> [AIM OF THE TASK]:
Would you copy the listing below exactly, keeping the pictures out?

> [GIVEN MATERIAL]:

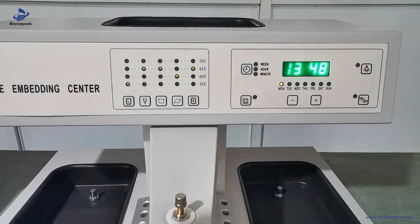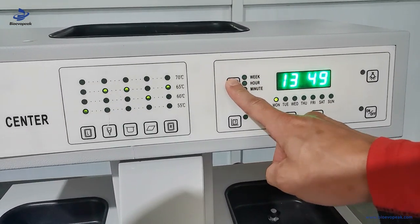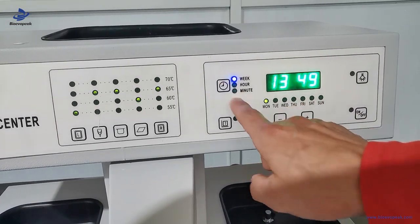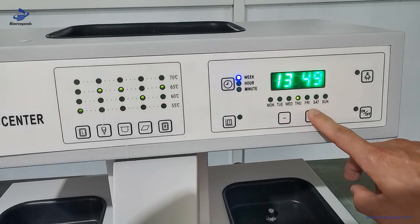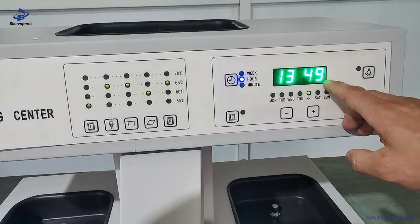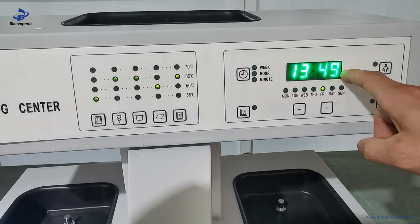Now the introduction of setting the current time. Firstly press this key for over three seconds and it shows the day of the week. For example, today is Friday. Then go to the hour — the time is 4:49. Then press two minutes, and finally press the time key again to confirm the current time.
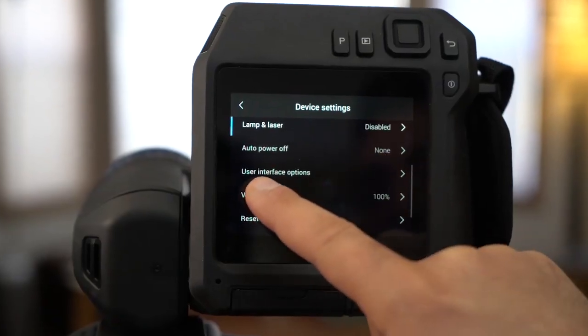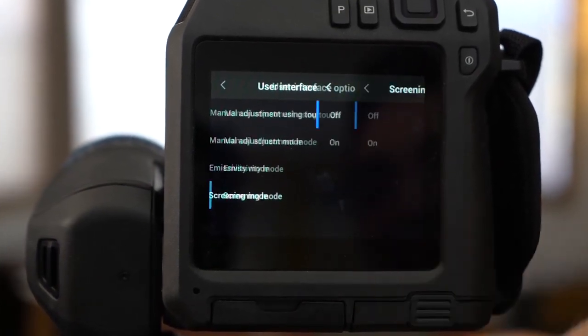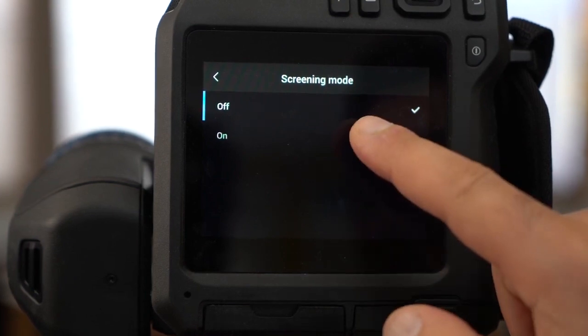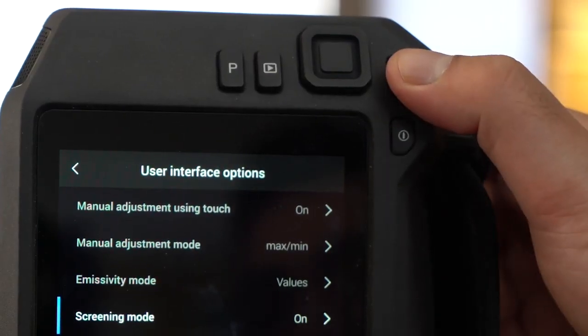Next, scroll to user interface options and tap to enter the menu. Now, select screening mode. Enable the screening mode by tapping on. Click the back button to exit settings.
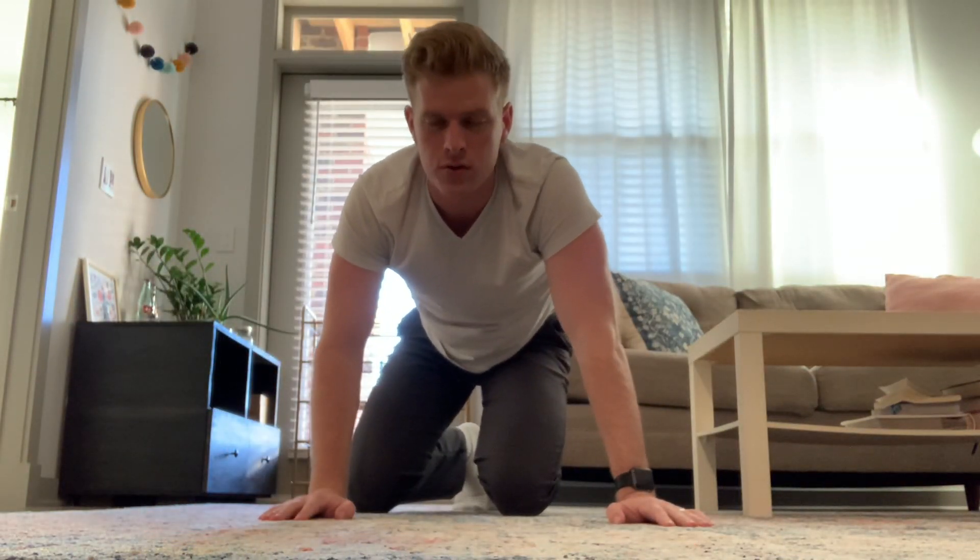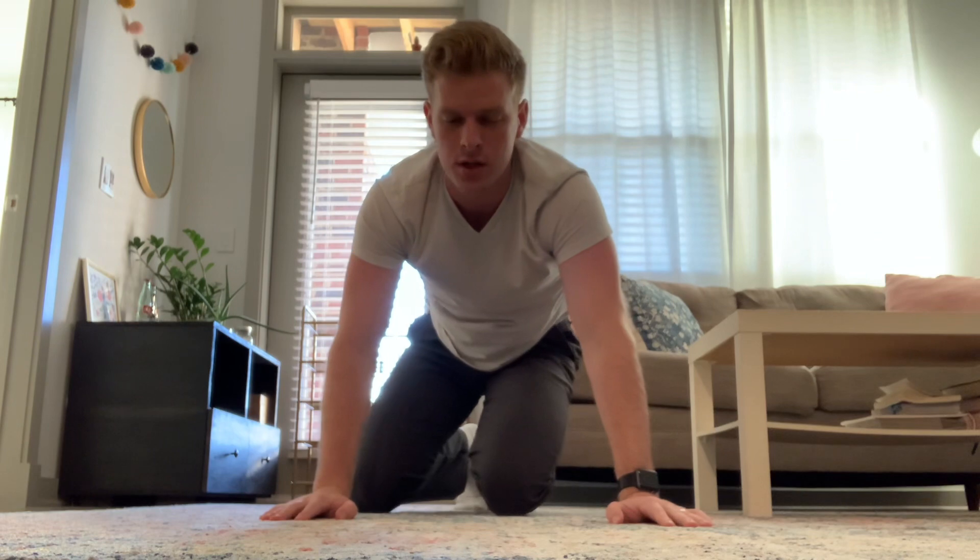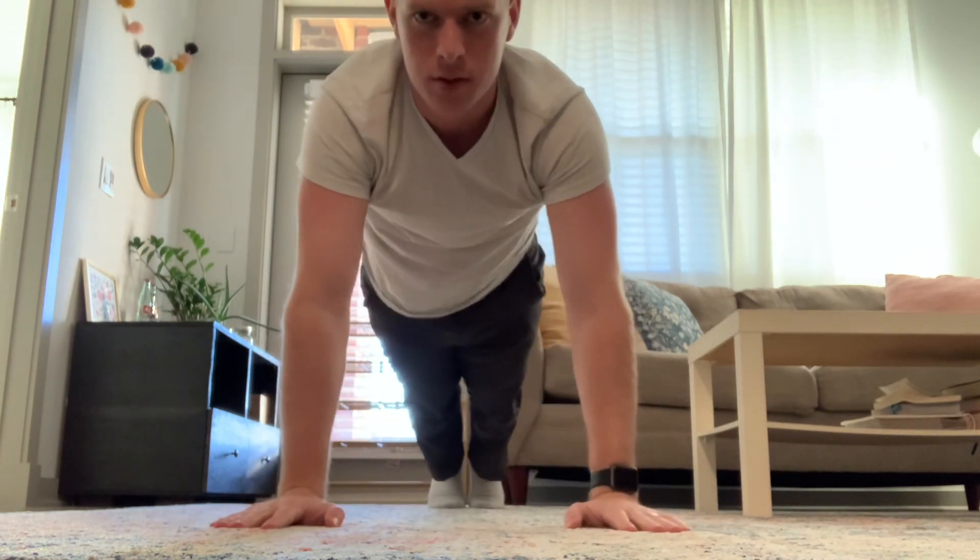All right, what's up guys? I'm gonna do a quick tutorial on how to get a one-handed push-up. I'm gonna try to do it in under a minute. So first you have your regular push-up, which looks like this.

> [THE ANSWER]:
Now the introduction of setting the current time. Firstly press this key for over three seconds and it shows the day of the week. For example, today is Friday. Then go to the hour — the time is 4:49. Then press two minutes, and finally press the time key again to confirm the current time.
Next, scroll to user interface options and tap to enter the menu. Now, select screening mode. Enable the screening mode by tapping on. Click the back button to exit settings.
All right, what's up guys? I'm gonna do a quick tutorial on how to get a one-handed push-up. I'm gonna try to do it in under a minute. So first you have your regular push-up, which looks like this.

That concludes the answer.